Supplied data: Begin

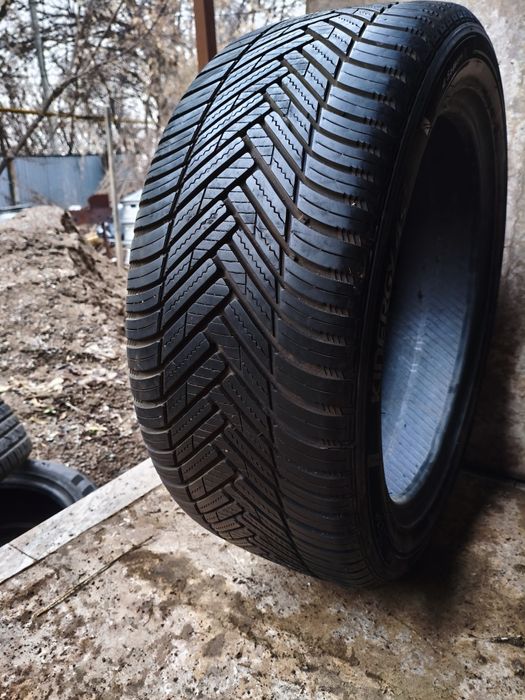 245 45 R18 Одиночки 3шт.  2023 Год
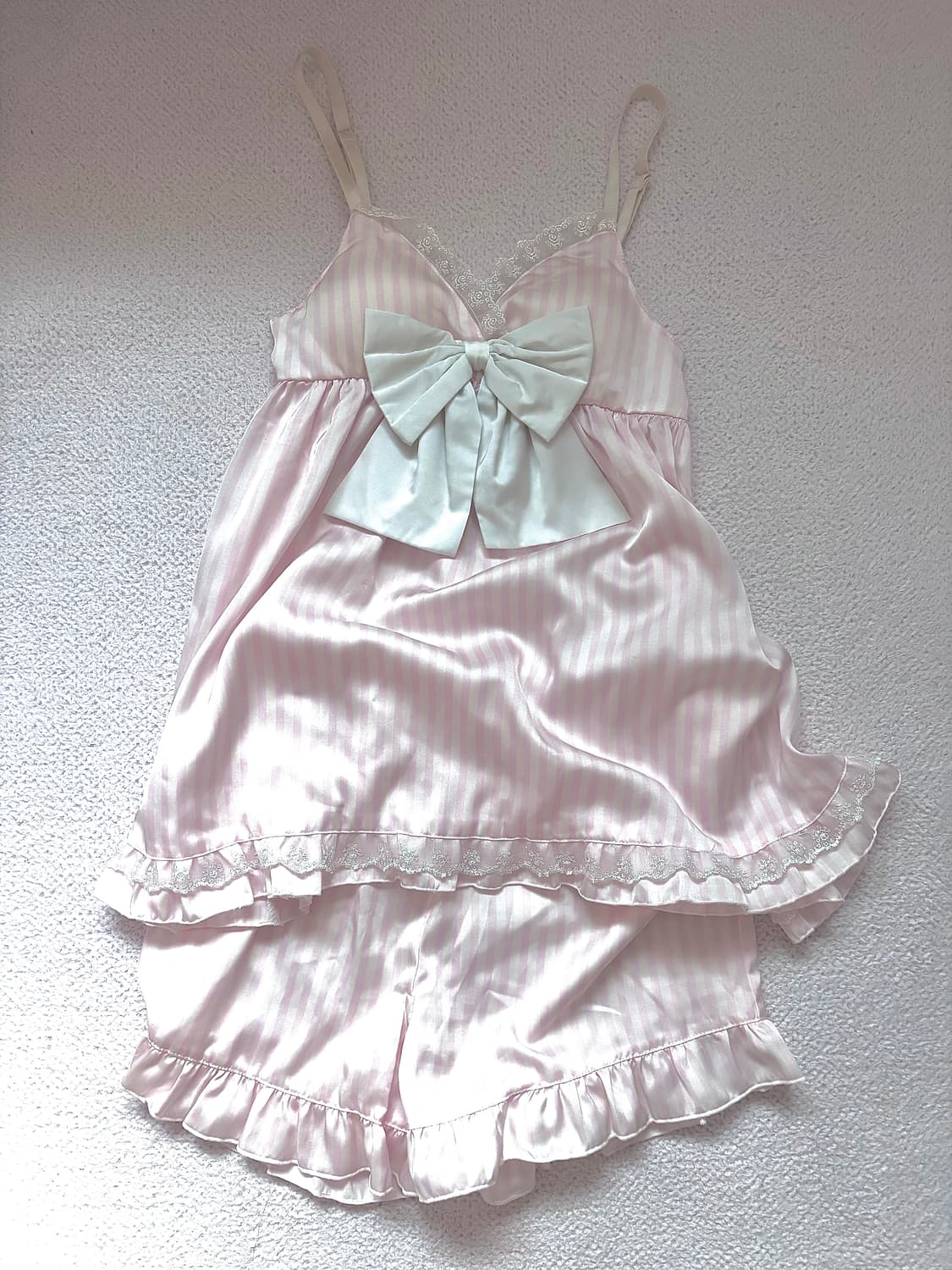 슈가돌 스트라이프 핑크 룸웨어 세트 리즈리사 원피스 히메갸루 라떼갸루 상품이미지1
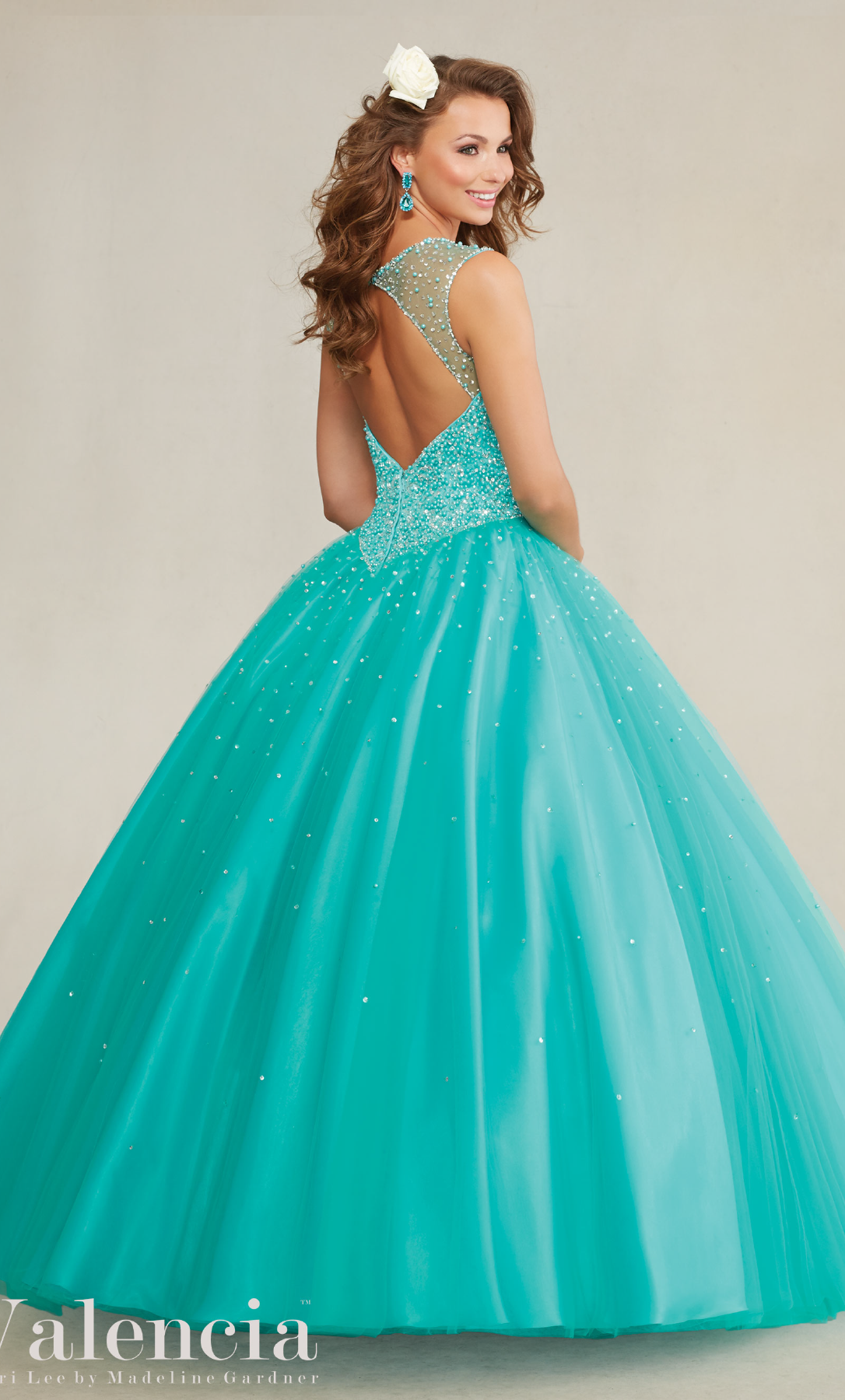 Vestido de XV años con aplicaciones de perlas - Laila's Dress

Supplied data: End

Your copy of the data above should match it exactly, apart from the images.

 245 45 R18 Одиночки 3шт.  2023 Год
 슈가돌 스트라이프 핑크 룸웨어 세트 리즈리사 원피스 히메갸루 라떼갸루 상품이미지1
 Vestido de XV años con aplicaciones de perlas - Laila's Dress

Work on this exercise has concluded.